S’agit-il de sélectionner le futur champion potentiellement apte à produire du spectacle sportif, à promouvoir une firme ? Ou s’agit-il de favoriser l’accessibilité à une discipline ? S’agit-il d’exclure ceux qui sont considérés inaptes à atteindre ce but, à promouvoir l’image de l’entraîneur, du club ? Ou s’agit-il de les aider à surmonter les difficultés d’apprentissage ? S’agit-il de renforcer les inégalités en favorisant la promotion de ceux qui appartiennent à un groupe influant, à une famille de notables locaux ? Ou s’agit-il de s’adresser au plus grand nombre sans exclusive ? L’épanouissement du plus grand nombre ou l’accaparement latent des structures fédérales par des dirigeants soutirant des avantages économiques (voyages, notes de frais ...), népotiques ou politiques ?

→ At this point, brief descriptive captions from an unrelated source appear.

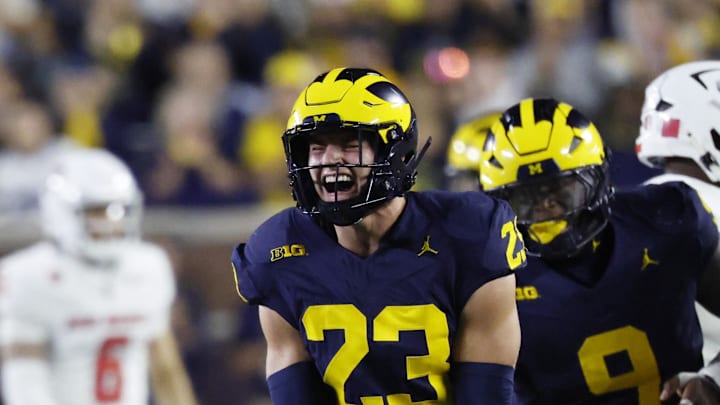 Michigan Wolverines linebacker Cole Sullivan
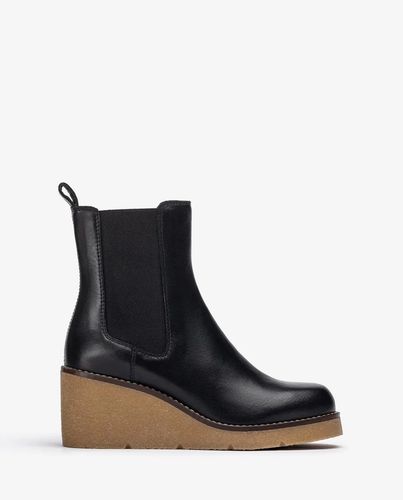 UNISA Chelsea boot with a rubber sole R38 na Arena.pl
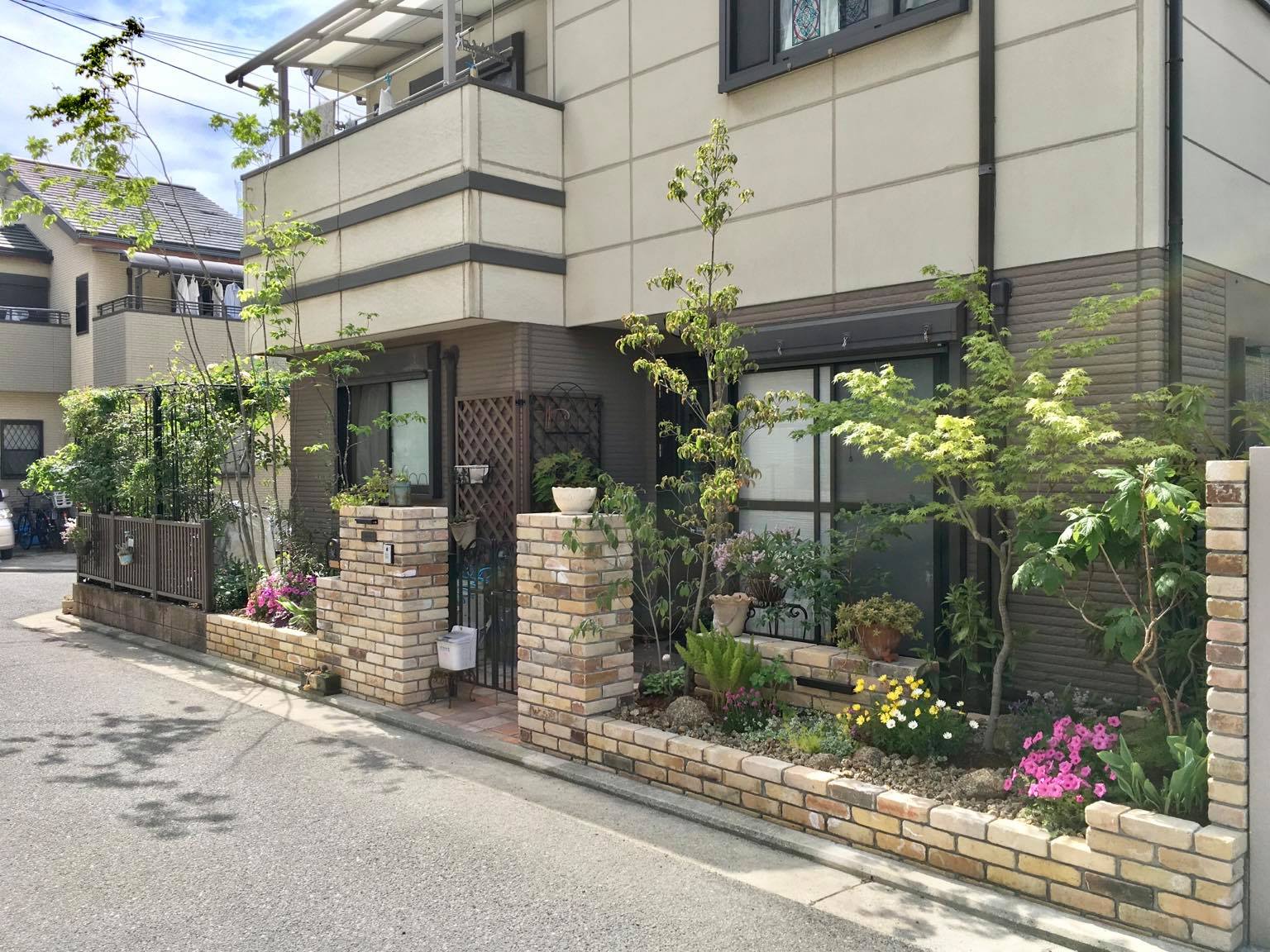 ��s�l���E�z�K�m�X�̒�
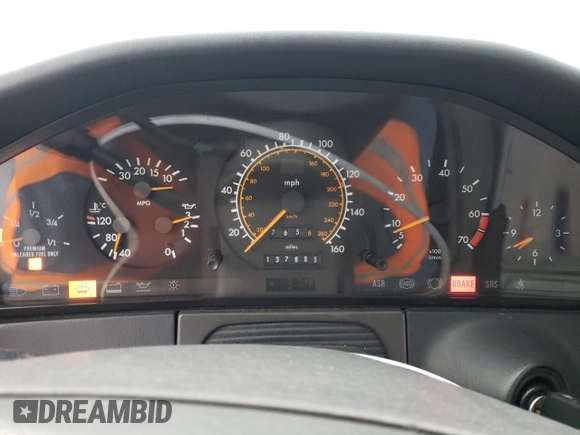 1993 Mercedes-Benz 500 с VIN WDBGA51E7PA109156, выставлен на аукционе Copart как лот 86609194 с пробегом 137 885 миль миль и Чистый • Clean title. История ставок и продаж доступна на DreamBid. Изображение 9.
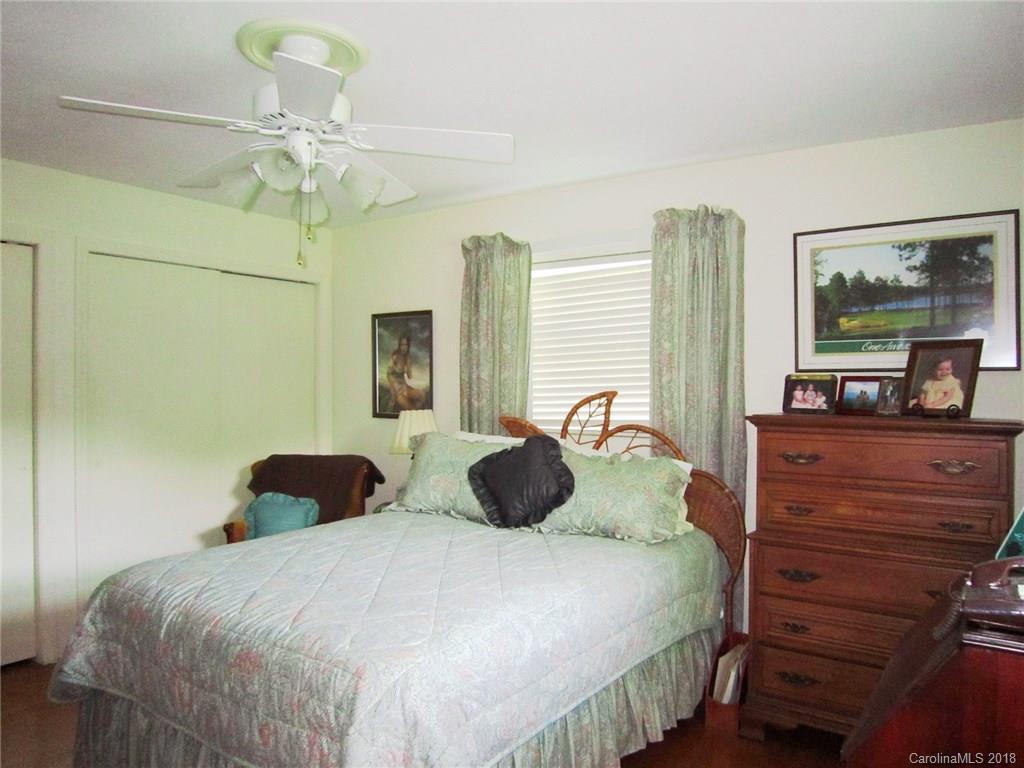 4 Crestwood Lane Candler NC 28715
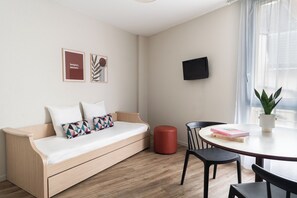 Habitació estàndard | Sala d'estar | Televisor LCD 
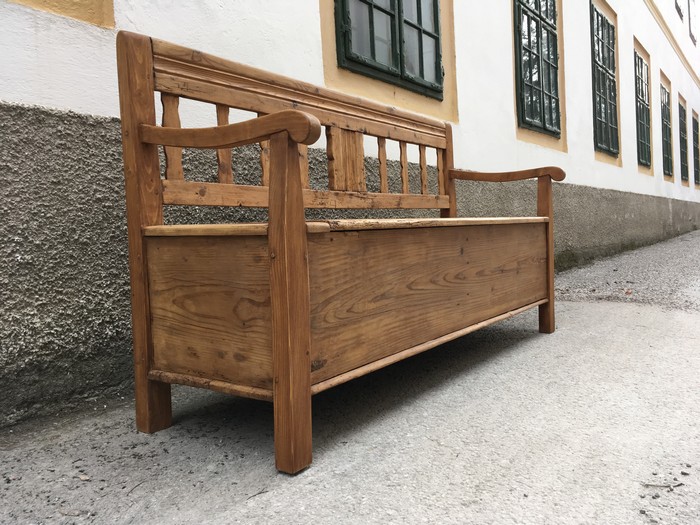 Sitzbank mit Truhe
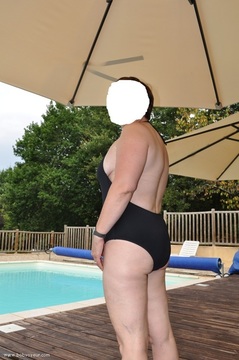 A LA PISCINE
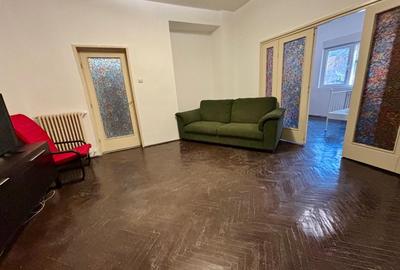 Inchiriere apartament cu 3 camere CA Rosetti - 1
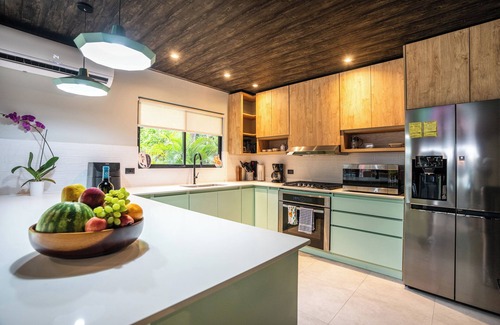 Jaco Villa | Seven Ranch Luxury Jungle Villa, perfect for large groups, 5 mins downtown Jaco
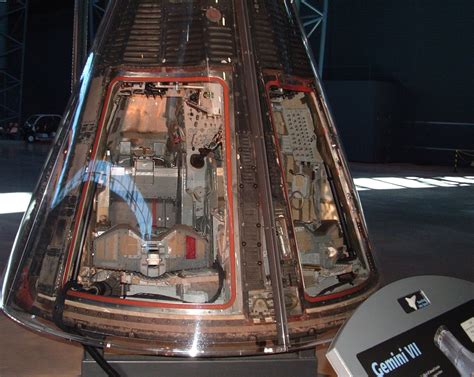 Space Relics La Capsule Gemini 7 Au Udvar Hazy Center Nasm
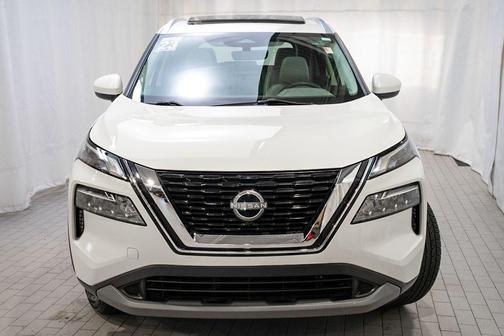 Pearl White Tricoat 2023 Nissan Rogue SV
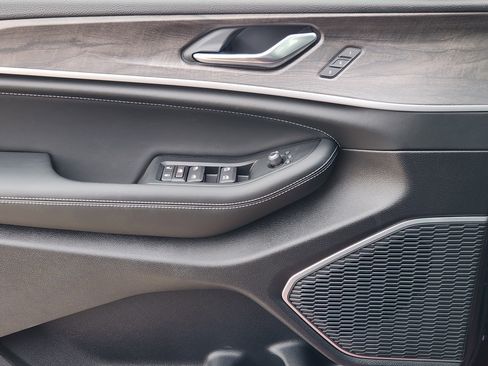 New 2026 Jeep Grand Cherokee Limited Reserve image 17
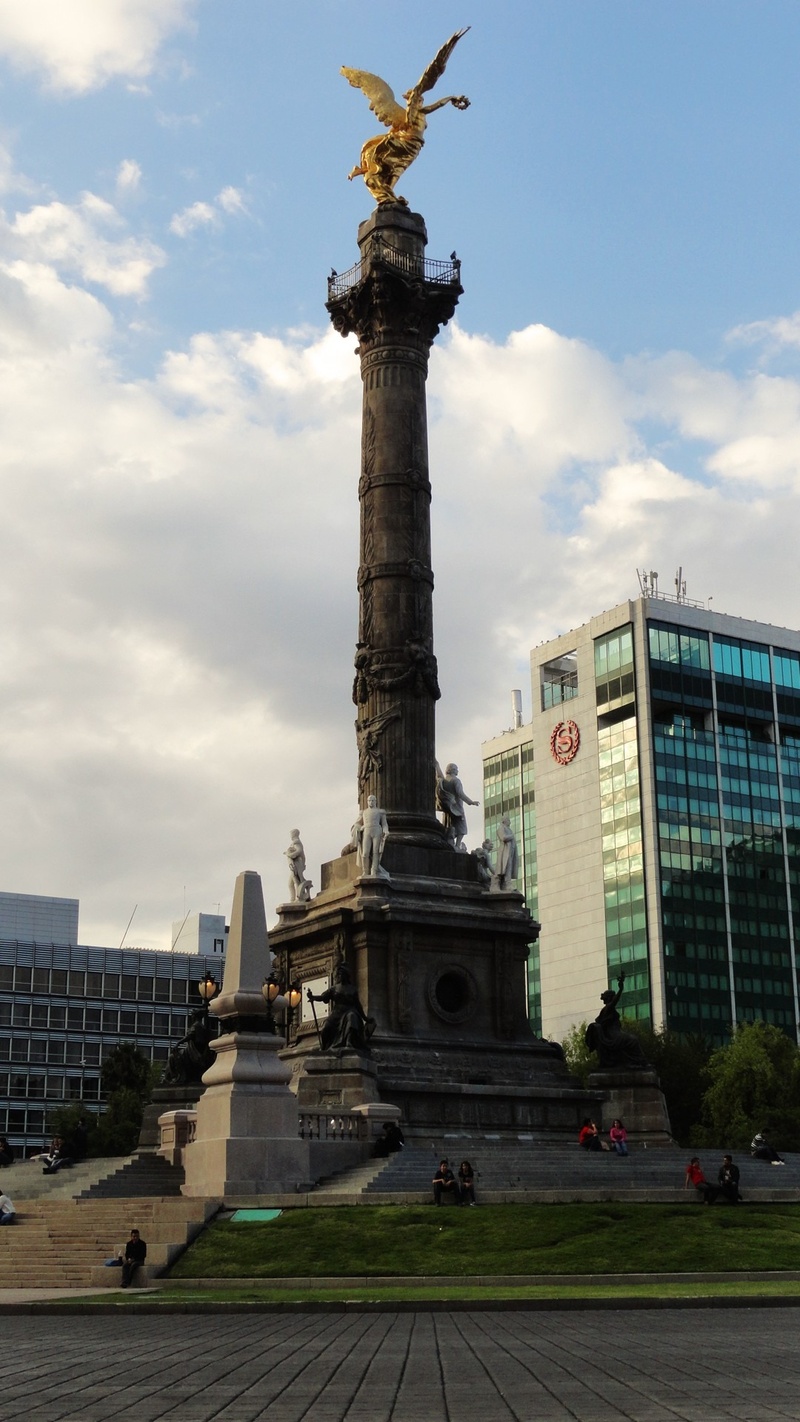 sky, no people, national, statue, angel, representation, surrounded, city, lawn, mexico, travel destinations, architectural column, human representation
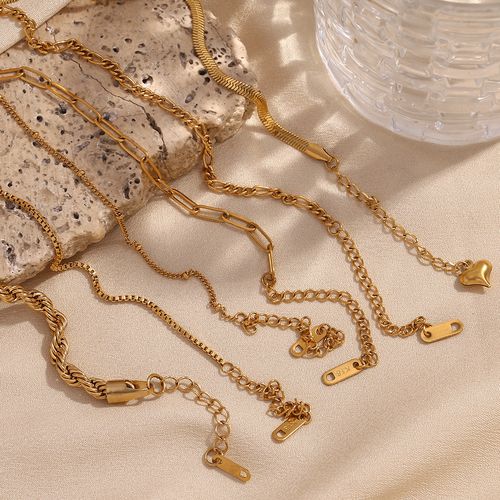 This vintage-style multi-layer bracelet blends design elements of Cuban and twisted chains. Exuding a bold, trendy, and fashionable vibe with a touch of punk aesthetics, it is perfect for wearing on its own or layering and mixing with other accessories.
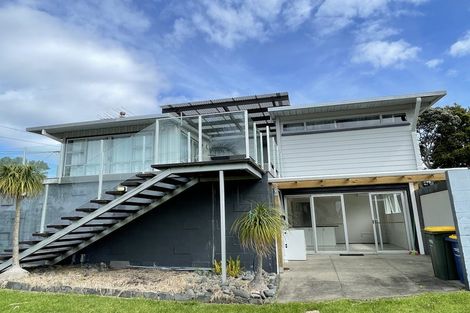 Photo of property in 413 East Coast Road, Mairangi Bay, Auckland, 0630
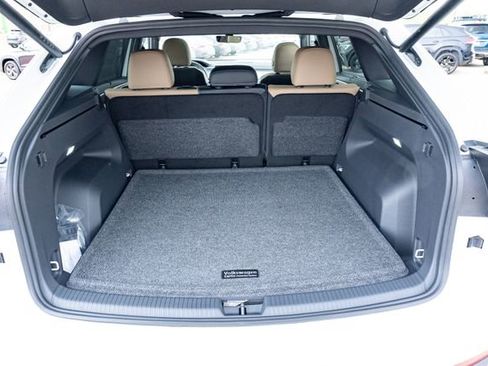 New 2026 Volkswagen Atlas Cross Sport SE image 35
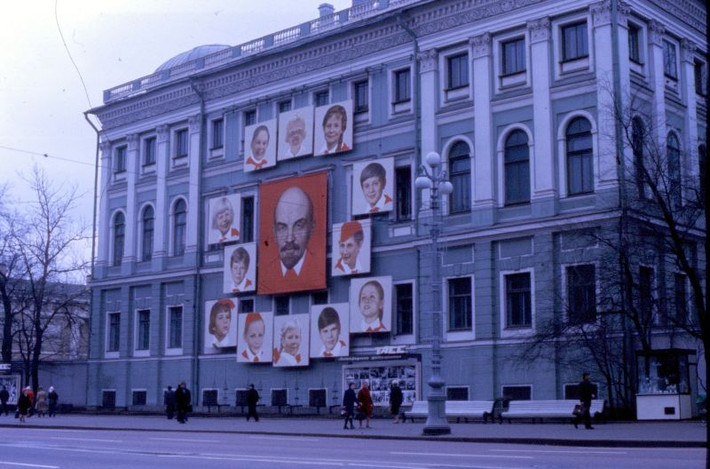 Một tòa nhà trang hoàng bằng hình ảnh lãnh tụ Lenin và các đội viên thiếu niên trong dịp Quốc tế Lao động ở Leningrad năm 1977. Ảnh: Michael Neubert.
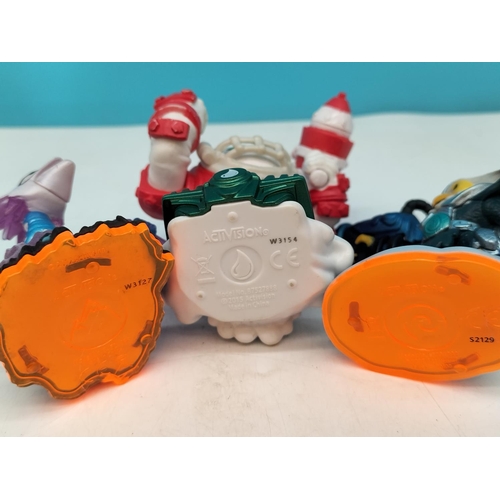 416 - Skylander Figures (16) to include Zap, Sprocket, Flashwing, Drobot (2), Dino-Rang, Gill Grunt, Chill... 
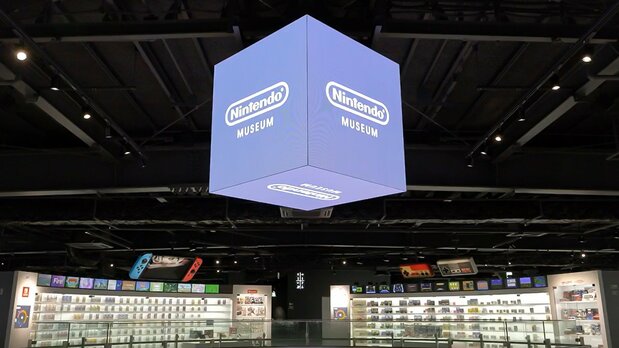 二层展厅,游戏软件按游戏机类别整齐排列 ©Nintendo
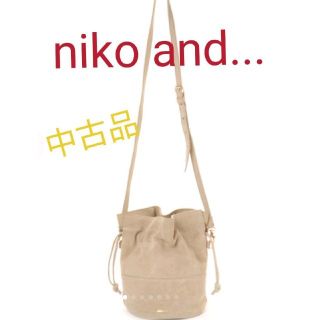 ニコアンド(niko and...)のniko and　ニコアンド　スエード調　ショルダーバッグ　中古品(ショルダーバッグ)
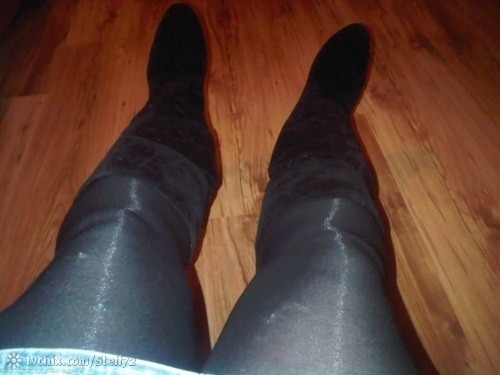 tightsluv: My denim skirt, boots and tights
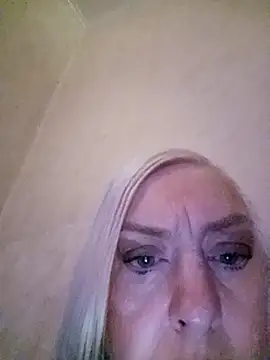 Julia20X online show from April 23, 11:53 am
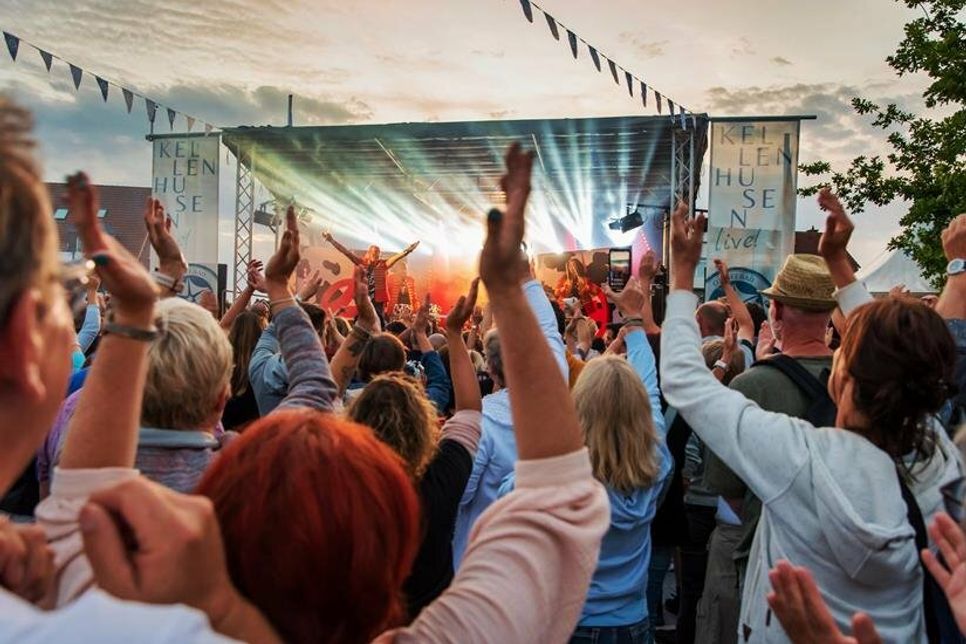 Mehr als 25 Stunden Live-Musik von verschiedensten Bands erwartet die Gäste beim Promenadenfest in Kellenhusen.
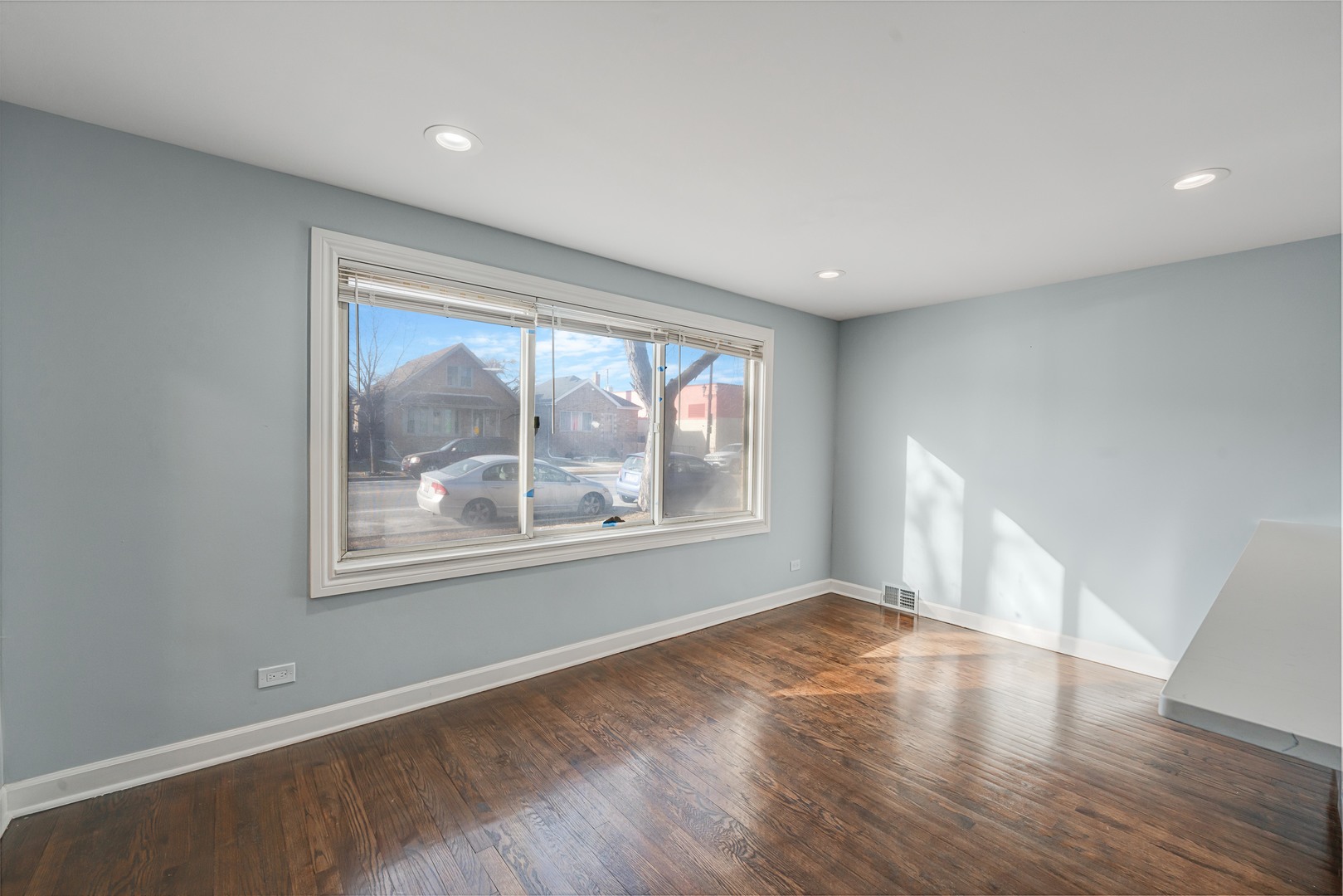 1615 S Central Avenue, Cicero, IL 60804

La liste est longue des exclusions, des injustices et des inégalités subies par les pratiquants, notamment les enfants, sous couvert d’un projet éducatif d’apparence humaniste, mis en oeuvre dans une fédération, une association ou à l’école, par des enseignants professionnels ou des militants bénévoles conscients ou non des résultats de leurs actes.

La formation des « cadres » sportifs, professionnels ou bénévoles

Le sport est, de très loin, le secteur du mouvement associatif regroupant le plus grand nombre d’associations, autant dire qu’il existe un potentiel important de personnes à former. Toutefois, chacun peut faire le constat qu’il existe un manque de formation flagrant de l’encadrement sportif, qui pourtant endosse des responsabilités de plus en plus importantes.

La formation des bénévoles : une nécessité impérative

N’a-t-on pas toujours tendance à coopter l’encadrement technique à l’intérieur du « sérail » ou sur la base du dévouement ? En ce qui concerne les dirigeants élus, leur acte volontaire explique leur dynamisme, justifie leur volonté d’indépendance et sert, dans beaucoup de cas, à réfuter l’idée d’aller en formation. Ne disent-ils pas qu’il est plus pertinent « d’apprendre sur le tas » ? Ce qui pour une certaine part est vrai, mais ne présuppose pas, à long terme, de la volonté d’innover dans la gestion et l’animation des structures. Cette attitude n’est-elle pas un frein au développement des activités ?

Des contenus à la hauteur de nos ambitions

Qualifier les contenus de l’activité, élargir le recrutement des pratiquants, optimiser l’utilisation de nos installations, veiller à la santé des adhérents, dégager de nouveaux moyens, conduire une activité de caractère éducatif, sont autant d’objectifs qui font naître des exigences. Notamment d’exiger de toujours plus de démocratie et d’investissement dans l’homme, en donnant toute sa place à la formation, en tant que facteur de transformation. Fort de son expérience, et sur la base des constats effectués, le mouvement syndical se doit de participer à l’élaboration d’une stratégie de formation en relation avec le mouvement sportif ; elle doit être précisée dans un cadre de référence négocié avec les pouvoirs publics. L’agrément de l’organisation sera obtenu et conservé s’il est jugé périodiquement en adéquation avec ce dernier. Il n’existe pas de projet éducatif sans un projet politique.